🤖 AI Summary
This work proposes an efficient model-free reinforcement learning algorithm that overcomes the high computational cost and poor reproducibility of traditional search-based methods like AlphaZero in board games. By eliminating reliance on explicit environment models and large-scale tree search, the approach integrates policy gradient and value estimation while incorporating key training mechanisms to enhance sample efficiency. Evaluated across five distinct board games—Animal Shogi, Gardner Chess, Go, Hex, and Othello—the method consistently achieves substantially higher learning efficiency than existing search-based approaches. This study presents the first demonstration of the superiority of a model-free paradigm across multiple board game domains, thereby challenging the long-standing assumption that explicit search is indispensable for high-performance game playing.
📝 Abstract
Board games have long served as complex decision-making benchmarks in artificial intelligence.

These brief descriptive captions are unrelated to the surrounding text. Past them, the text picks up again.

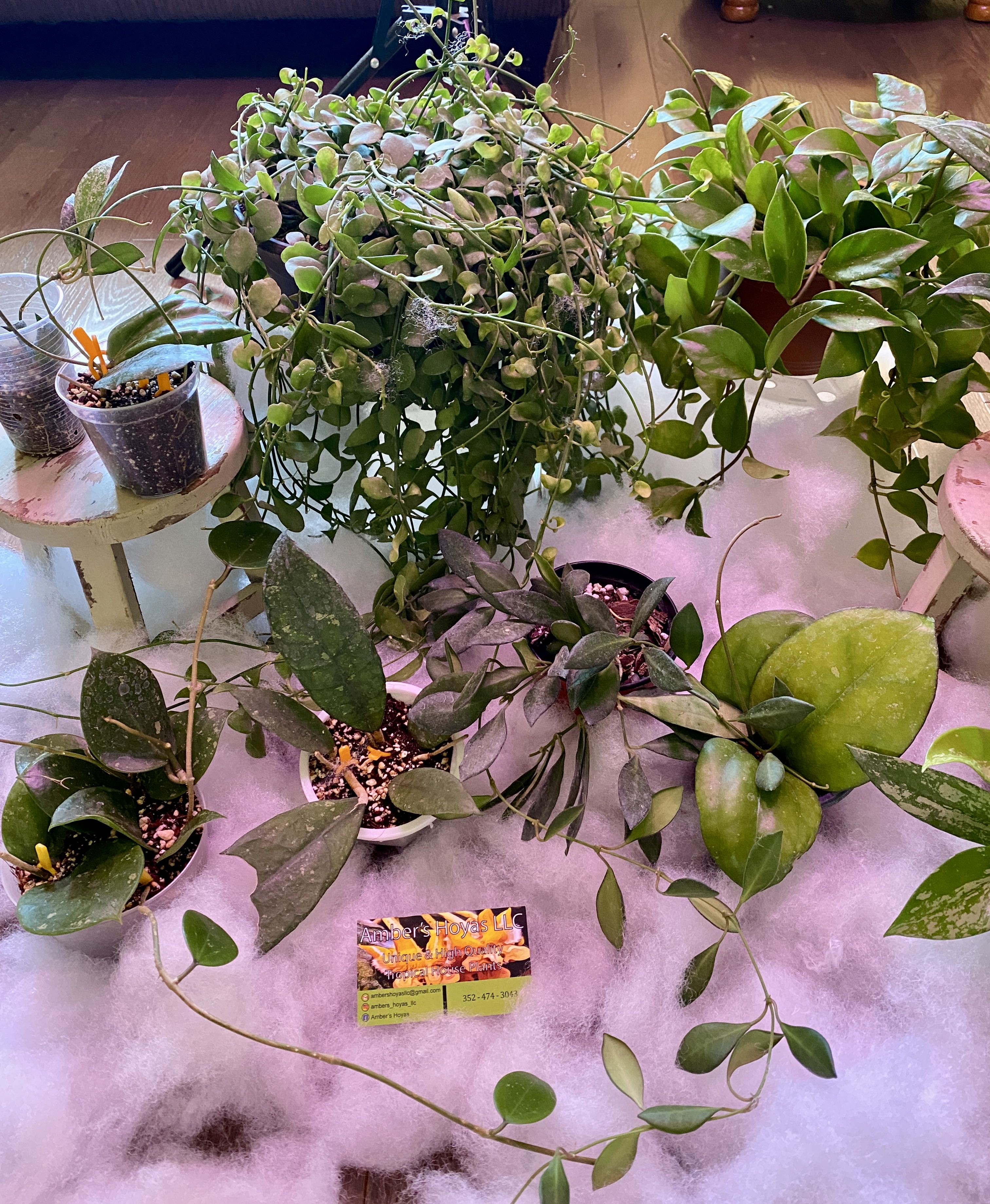 Photo from the post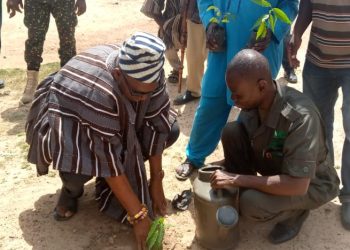 Bole District Forestry Division courts support of Chiefs, stakeholders towards Green Ghana project.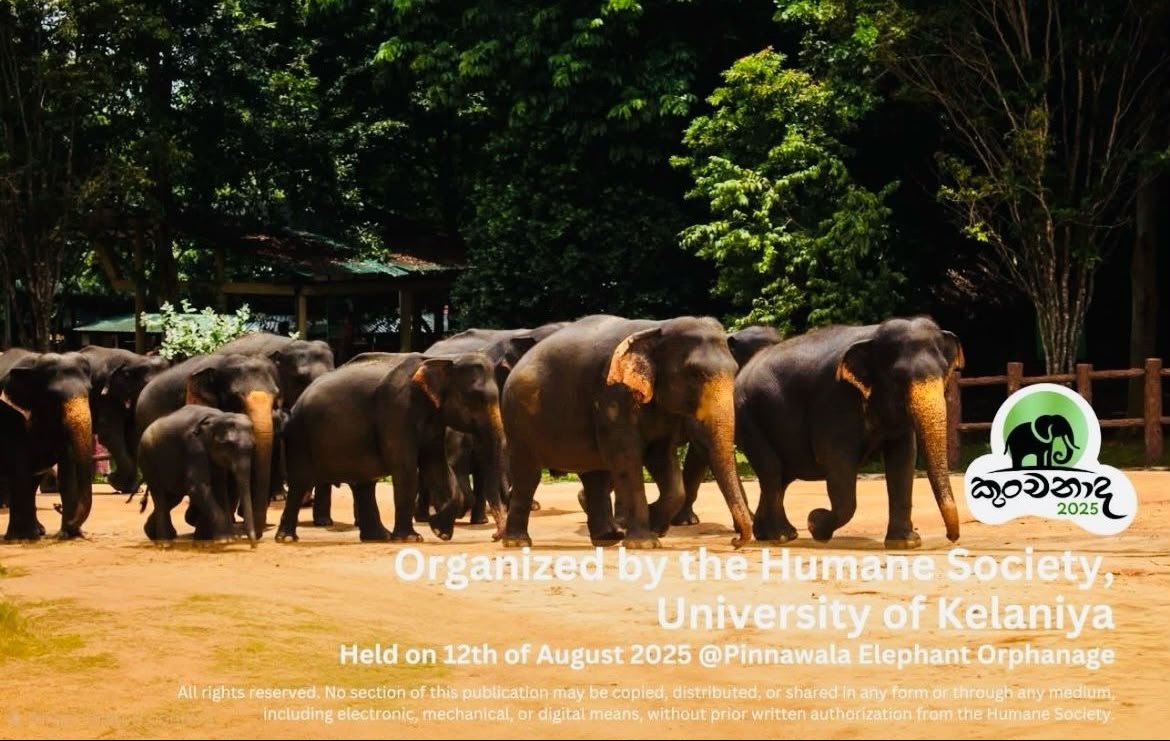 Elephants at Pinnawala, Kunchanada 2025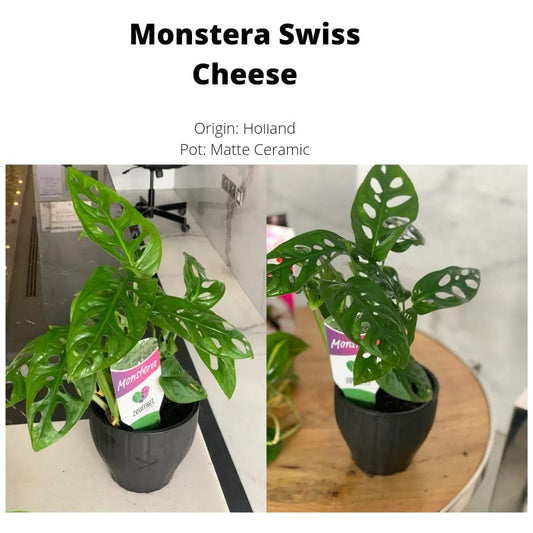 Swiss Cheese Monstera in Ceramic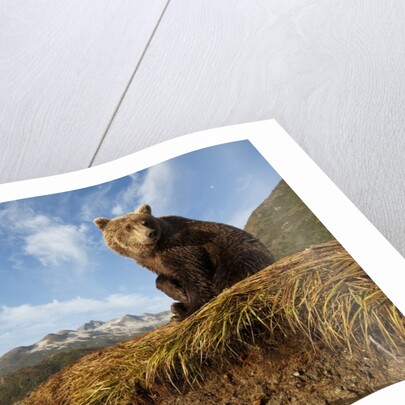 Brown Bear and Mountains, Katmai National Park, Alaska by Anonymous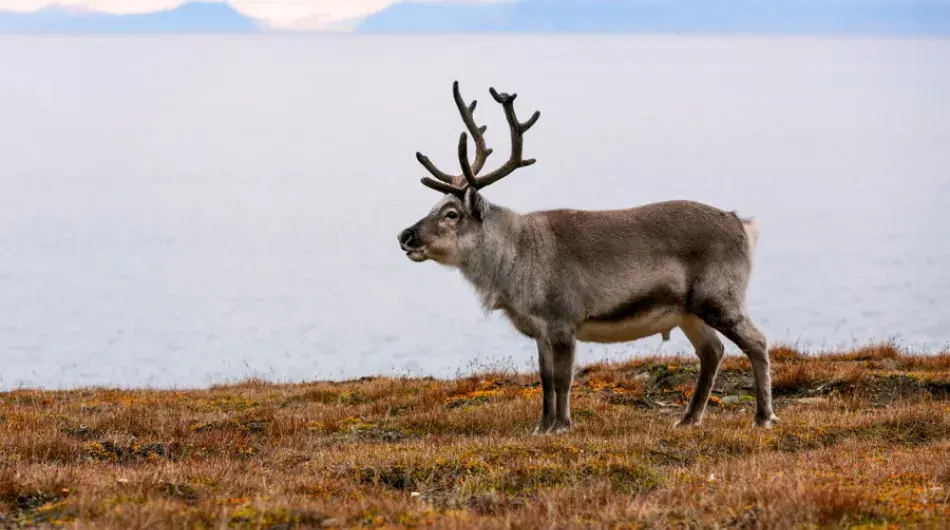Reindeer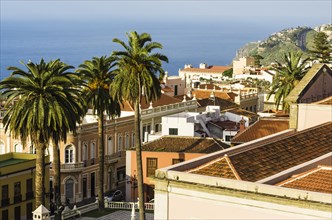 View over the roofs of La Orotava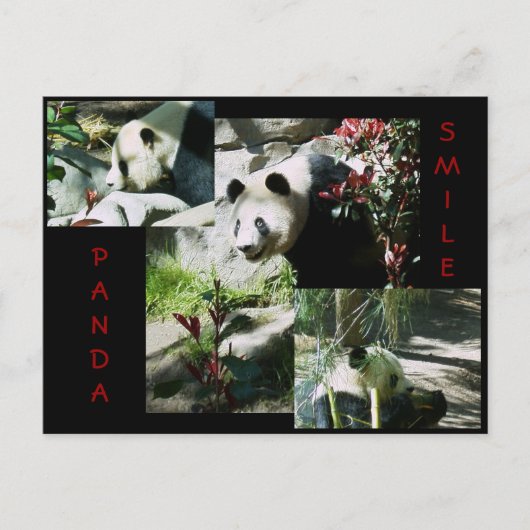 PANDA SMILE BRIEFKAART (Voorkant)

In this field, search-based reinforcement learning methods such as AlphaZero have achieved remarkable success. However, their significant computational demands have been pointed out as barriers to their reproducibility. In this study, we propose a model-free reinforcement learning algorithm designed for board games to achieve more efficient learning. To validate the efficiency of the proposed method, we conducted comprehensive experiments on five board games: Animal Shogi, Gardner Chess, Go, Hex, and Othello. The results demonstrate that the proposed method achieves more efficient learning than existing methods across these environments. In addition, our extensive ablation study shows the importance of core techniques used in the proposed method. We believe that our efficient algorithm shows the potential of model-free reinforcement learning in domains traditionally dominated by search-based methods.